[Record excerpts — start]

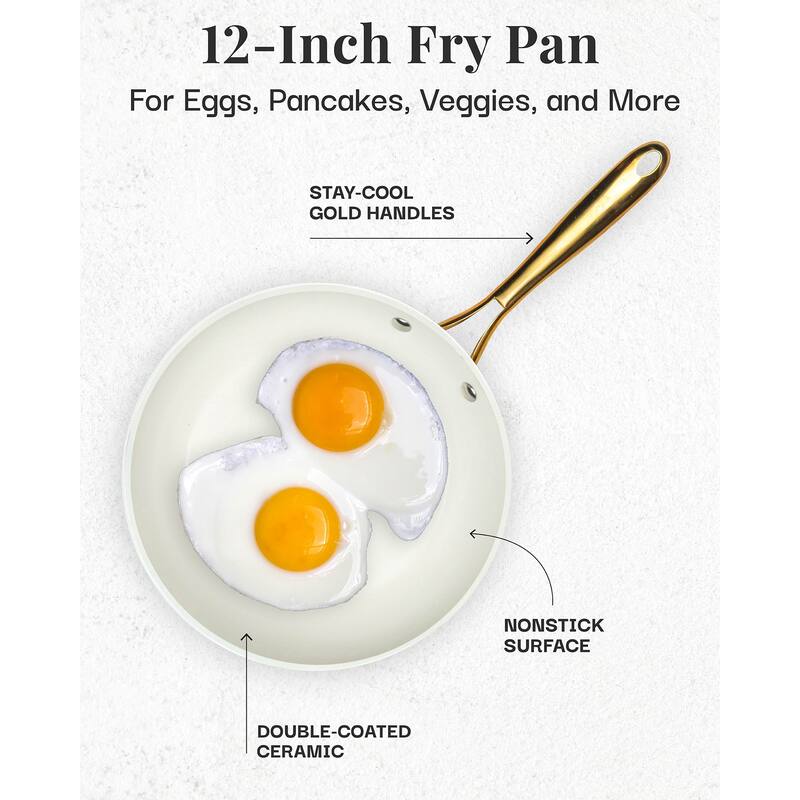 Gotham Steel Navy 12'' Ultra Nonstick Ceramic Fry Pan with Stay Cool Handle Cookware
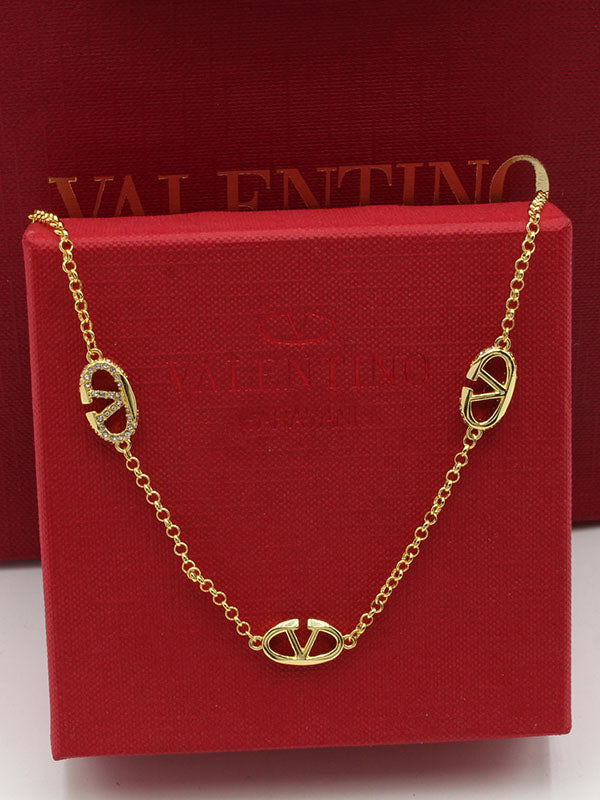 سلسال فالنتينو تشوكر لوقو سلسال VALENTINO ذهبي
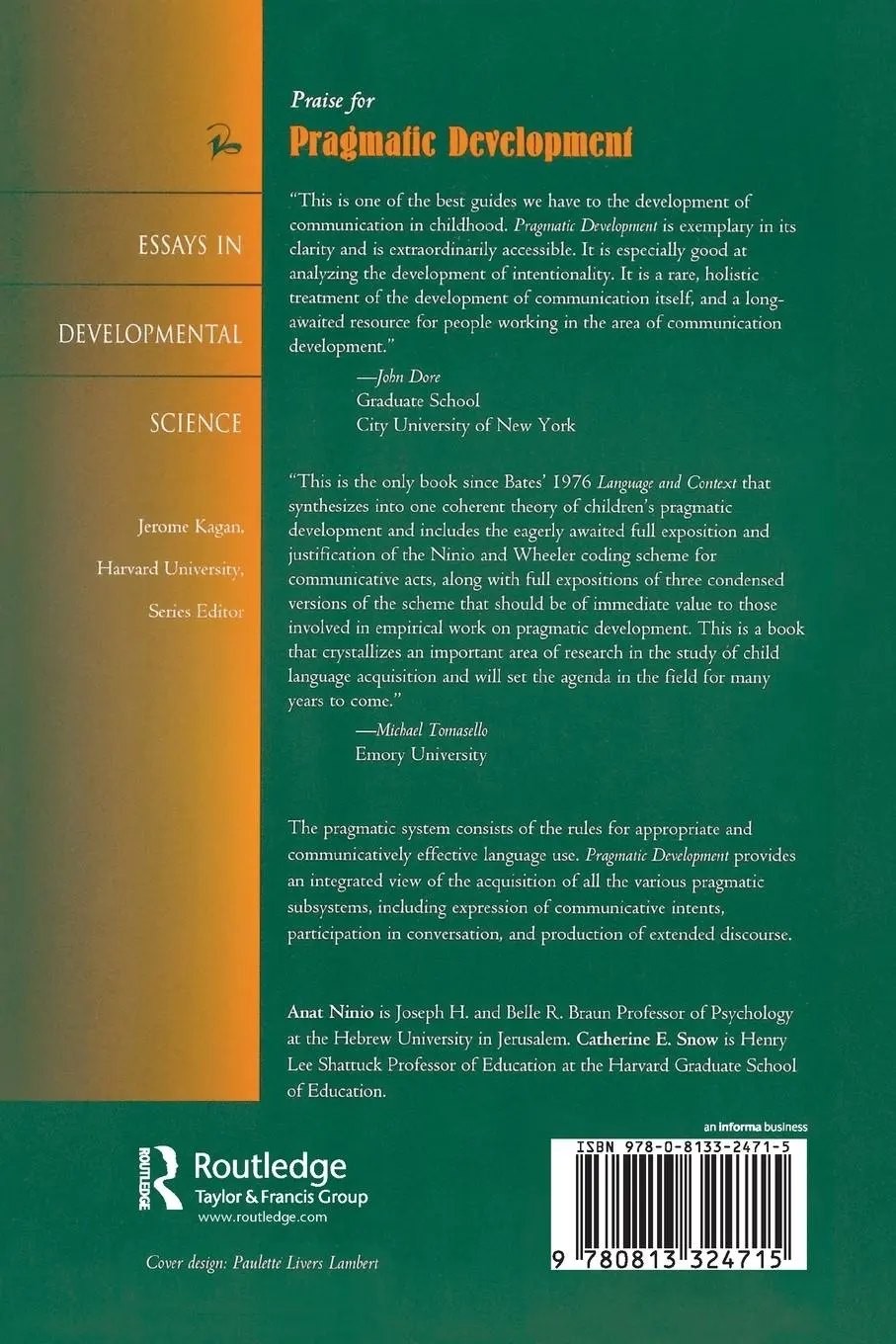 Rückseite: 9780813324715 | Pragmatic Development | Anat Ninio (u. a.) | Taschenbuch | Englisch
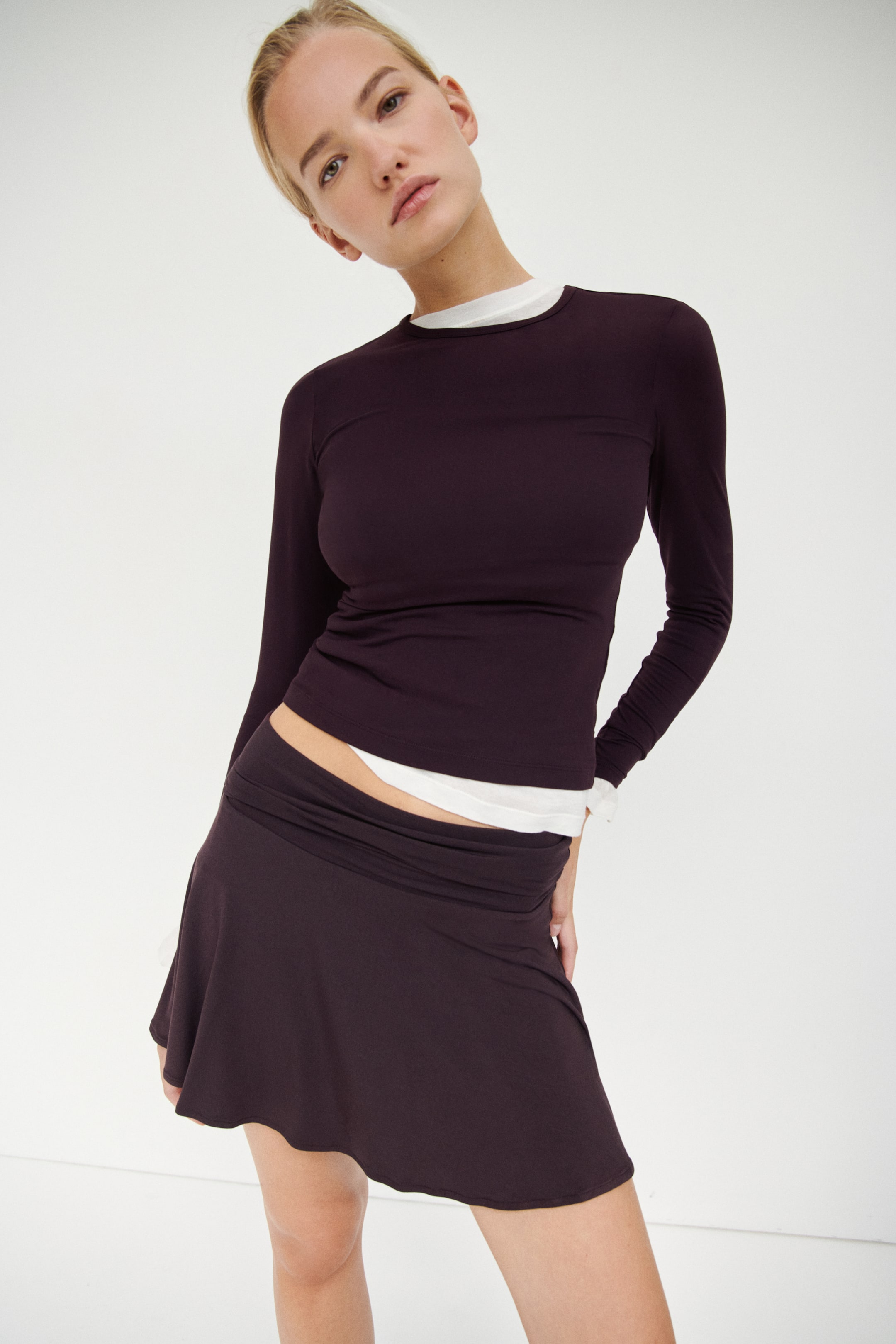 Long-sleeved jersey top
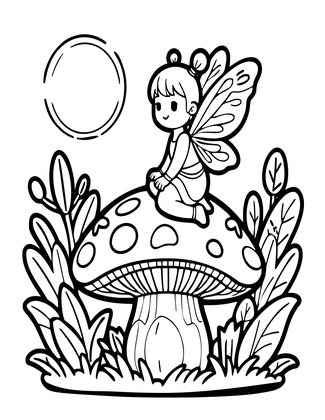 Garden Pixie - Free printable coloring page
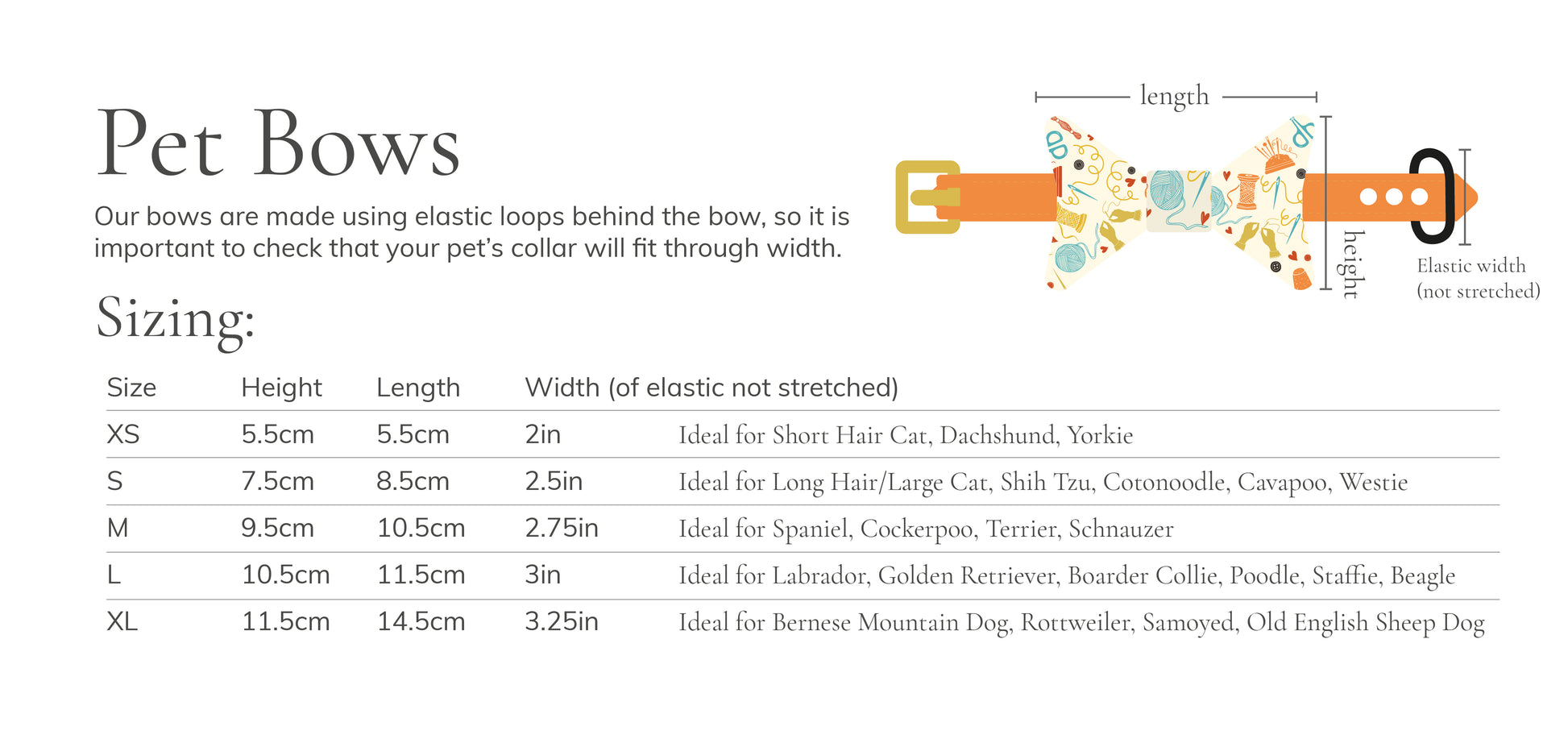 An infographic presents a vibrant bowtie illustration highlighting the sizing for "Cotton Pet Bow with collar attachment - Woodland Animals" by Crafts by Kate. Sizes vary from XS to XL and include specifics on height, length, and width. Recommended breeds are indicated for each size, along with the unstretched width of the elastic fastening for added convenience.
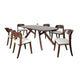 Ziva 7pc Dining Table Set | 6 Ivory Chairs | 3D Edge Brown Solid Wood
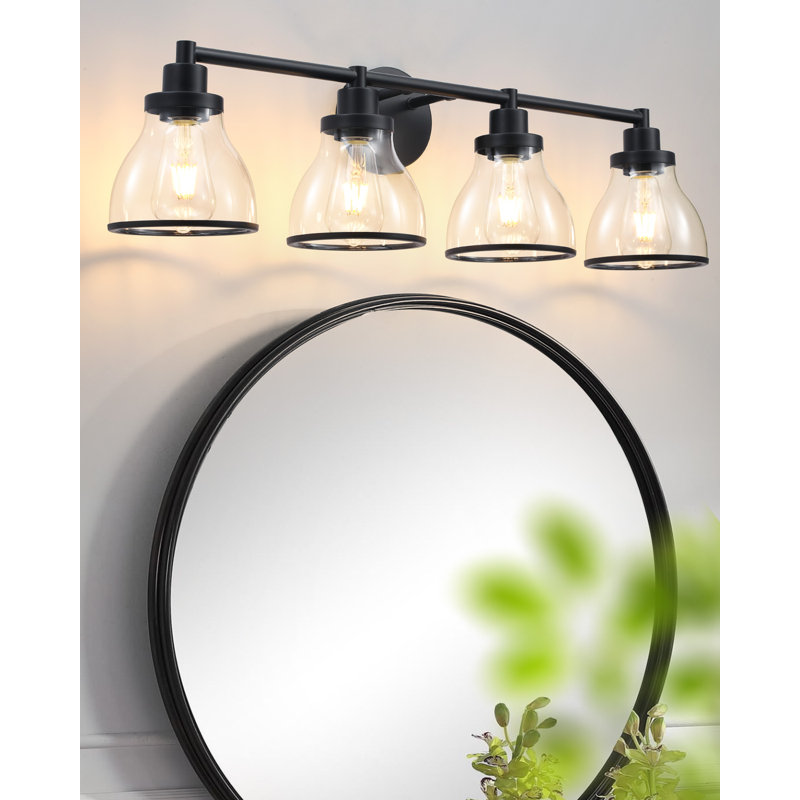 Éclairage de meuble-lavabo pour salle de bain / couloir / vestiaire en verre transparent, Peinture noire mate, 4 lumières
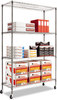 A Picture of product ALE-SW604818BA Alera® NSF Certified 4-Shelf Wire Shelving Kit with Casters 48w x 18d 72h, Black Anthracite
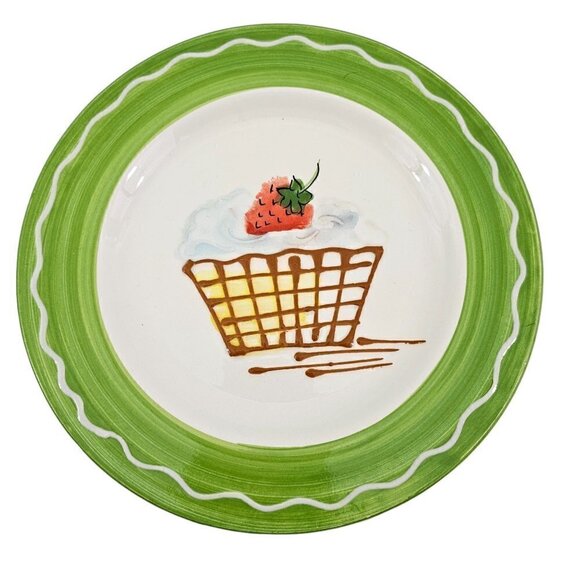Sonoma Home Goods Strawberry Luncheon Dessert Plates Made in Italy – Set of 3 - Picture 5 of 15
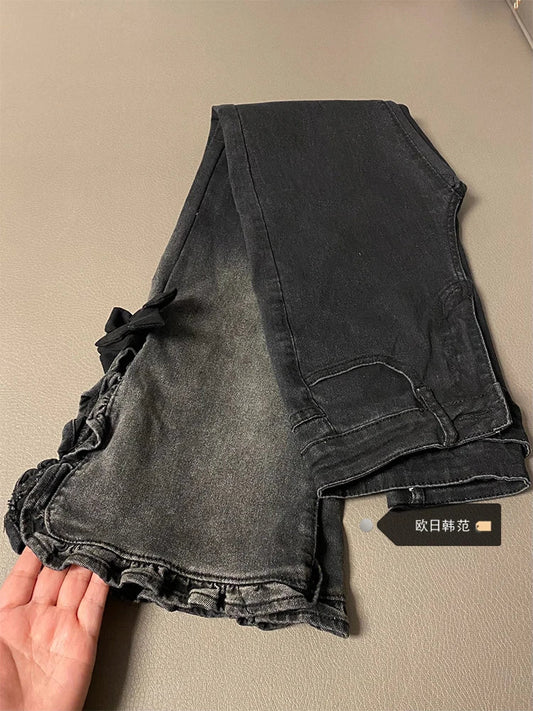Women Black Gothic Y2k Emo Jeans Baggy Harajuku Aesthetic Oversize Denim Trousers Vintage Jean Pants Japanese 2000s Style Trashy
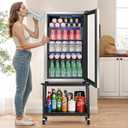 Mini Fridge Stand Hold Up to 350 lbs Mini Fridge Stand with Storage 19.7x19.7x18" Refrigerator Table with Stainless Steel Wheels 2-Tier Refrigerator Cabinet for Dorm Apartment Kitchen Office Bedroom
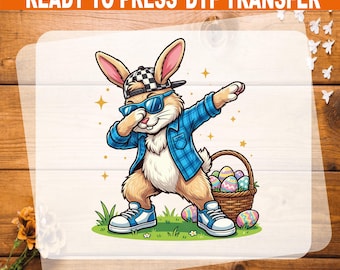 Dabbing Easter Bunny Boy DTF Transfer, Cool Kids Easter Design Ready To Press Heat Transfer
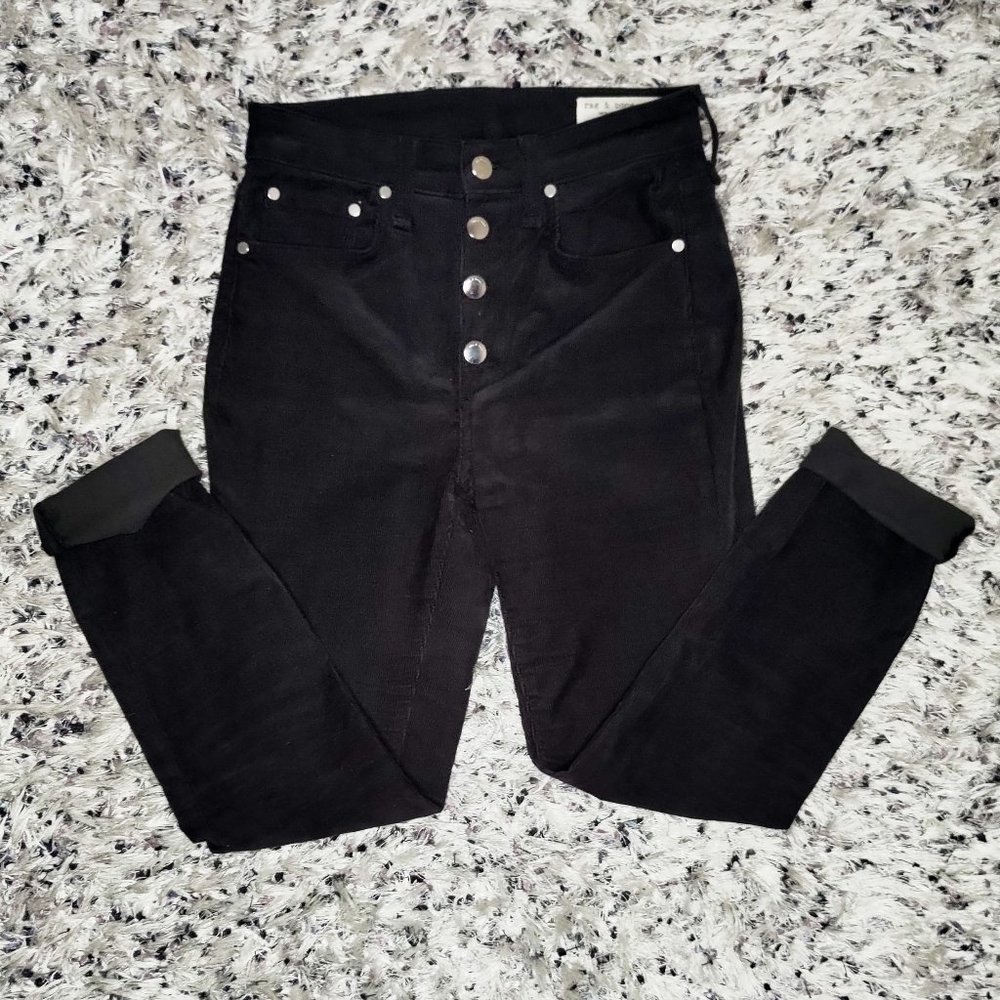 Rag and Bone Black Corduroy High Rise Button-Up Pants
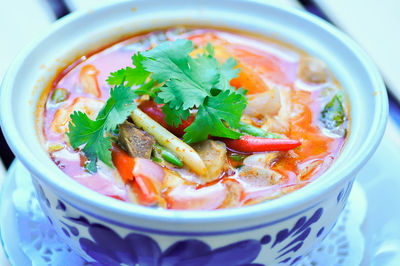 Close-up of soup in bowl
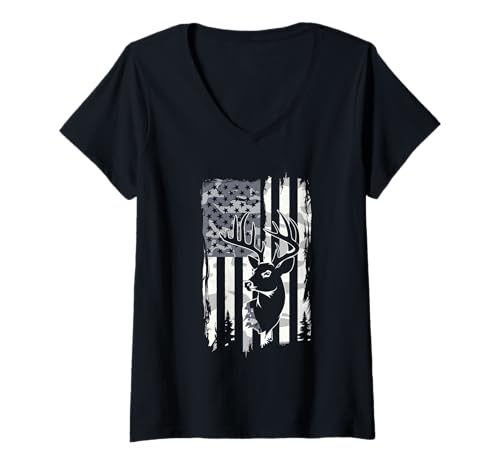 Damen Amerikanische Flagge Jagd Tshirt Whitetail Buck Jäger Hunter T-Shirt mit V-Ausschnitt Damen Amerikanische Flagge Jagd Tshirt Whitetail Buck Jäger Hunter T-Shirt mit V-Ausschnitt von jagd TShirt Camouflage American Flag USA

[Record excerpts — finish]

Task prompt = Please extract exactly the lines of the data, from the first through the line containing "Rückseite: 9780813324715 |", and add no pictures to the copy.

Completed exercise =
 Gotham Steel Navy 12'' Ultra Nonstick Ceramic Fry Pan with Stay Cool Handle Cookware
 سلسال فالنتينو تشوكر لوقو سلسال VALENTINO ذهبي
 Rückseite: 9780813324715 | Pragmatic Development | Anat Ninio (u. a.) | Taschenbuch | Englisch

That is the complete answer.